As an institution of under 5,000 students-- the smallest BCS school-- it does not have the alumni or the fan support of its conference opponents.

As we all witness, the Deacs fail to sell out their 35,000 seat stadium. They fail to bring opposing fans in the stadiums, either, both FSU and Notre Dame did not sell out against us.

The Demon Deacon fan support (I hate to say it) is ranked among the worst. There are certainly many passionate Deac fans, but they are far less in shear numbers compared to its competitors. According to All-American mathematician Nate Silver-- the guy that predicted the presidential election--has the smallest football fan base of any member of an automatic qualifying conference.

Although ranked at #58, Maryland is so appealing because it is a large, strong academic public university that has a proud alumni base. It expands the Big Ten's marketability eastward, providing the conference a step in the door into the D.C. and Baltimore areas.

Wake Forest has Winston-Salem and the greater Piedmont Triad, not exactly a marketable area.

Wake Forest benefits the most of all universities from what the ACC provides. In recruiting, the university emphasizes "we play a top-tier ACC schedule. We participate in top rivalries against in-state schools." The ACC divvies up the television money equally to all schools-- much to the chagrin of the Seminoles--receiving approximately $19 million a year.

The implementation of the $50 million buyout earlier this year made the mass exodus of the ACC appear impossible and assured the longevity of the conference. But with the Terrapins' exit, the conference's future is at stake.

Coach K quoted, "I think the ACC is vulnerable is right now, I'm concerned about our conference."

What do Florida State and Clemson-- who can smell the seared barbecue tailgates of the SEC-- feel about the Terrapins leaving for greener (monetary) pastures? Or Virginia Tech? Or NC State? Or (sigh) UNC?

Would the SEC be able to entice these schools? Virginia Tech AD Jim Weaver stated, "I'd like to defer my comment for right now, but there may potentially be some interest."

Overall, the ACC has strengthened in the past year. The ACC augmented its east coast imprint into Pennsylvania and New York with the additions of Pittsburgh and Syracuse. The conference even brought in Notre Dame for all sports but football-- and will play the Irish in five games. These additions outweigh the most recent loss of the middling Terrapins. But Maryland's departure just reveals that schools still have the option to leave the ACC. It sets up the possibility for disaster.

If the SEC, Big 12 and Big Ten look to expand further-- like vultures-- they eye the opportunities in the ACC. The cataclysmic circumstance is that Clemson, Florida State and other major schools leave for these conferences.

Where does that leave Wake Forest?
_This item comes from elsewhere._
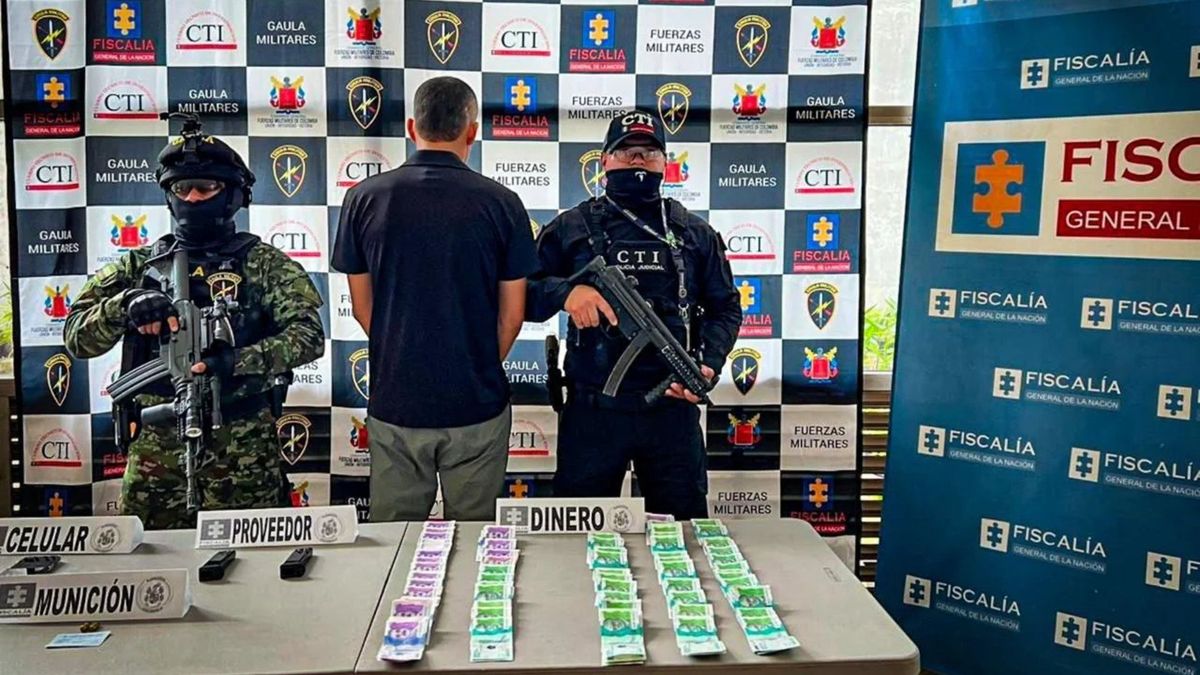 Captura a alias el Flaco, presunto enlace financiero de las disidencias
The closest comparison to our situation is Duke-- a small private academically-driven North Carolina school without big football-- yet a major conference would pounce on the university because of its transcendence in college basketball.

Out of the current 12 ACC schools, the Deacs would be the last pick for other conferences.
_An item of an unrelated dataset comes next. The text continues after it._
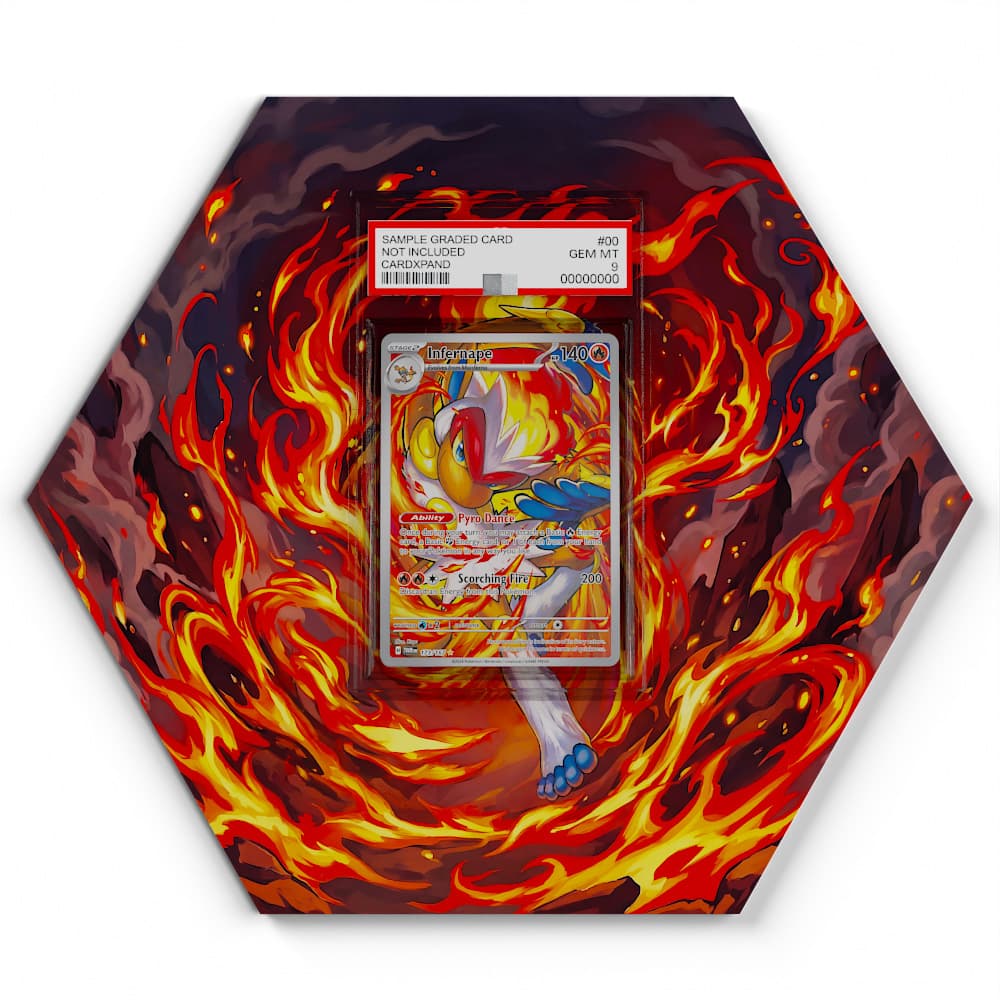 173/167 Infernape - Extended Artwork Pokemon Card Display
Wake Forest do not attract top conferences because today's college football revolves around grossing money and expanding markets-- the Deacs do not help much in either way.
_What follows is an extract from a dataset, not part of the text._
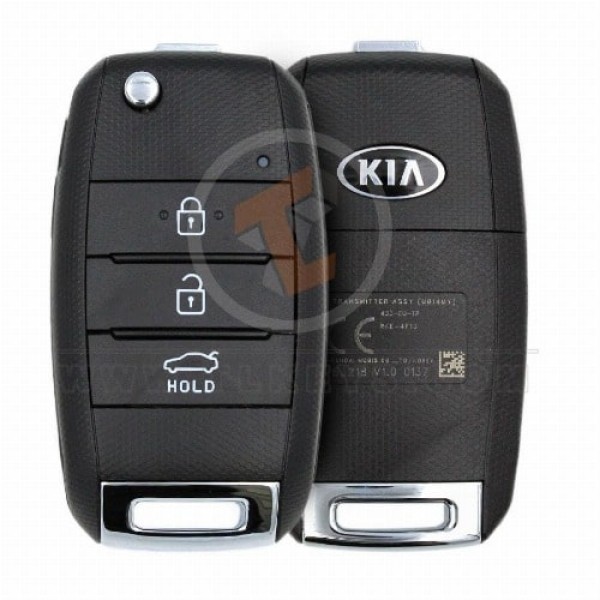 Genuine Kia Rio Flip Key Remote 2014 2017 P/N: 95430-1W053 433MHz Transponder Chip DST80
If the expansion continues and the Big Four conferences become 16 team conferences, Mr. Wellman's phone will remain silent.

So where do the Deacs go from here? Maybe a top conference-- like the SEC-- in non-football sports. Conference USA and the Southern Conference would get on all fours and pout like a dog to bring in Wake Forest. But ironically, the Deacs might be best fit elsewhere. A basketball-driven conference that focuses on academics.

The Big East. With Georgetown, Marquette, Saint John's, Villanova and several others, the conference will remain relevant in basketball.

Coach K added, "For my own conference," he said, "its time to circle wagons and take attendance and make sure we have who we have."

For the state of tradition and strong educational ties-- and for Wake Forest's sake-- lets pray the ACC can keep its constituents happy. Here's to a stable present and future of the ACC.

"For my own conference," he said, "its time to circle wagons and take attendance and make sure we have who we have."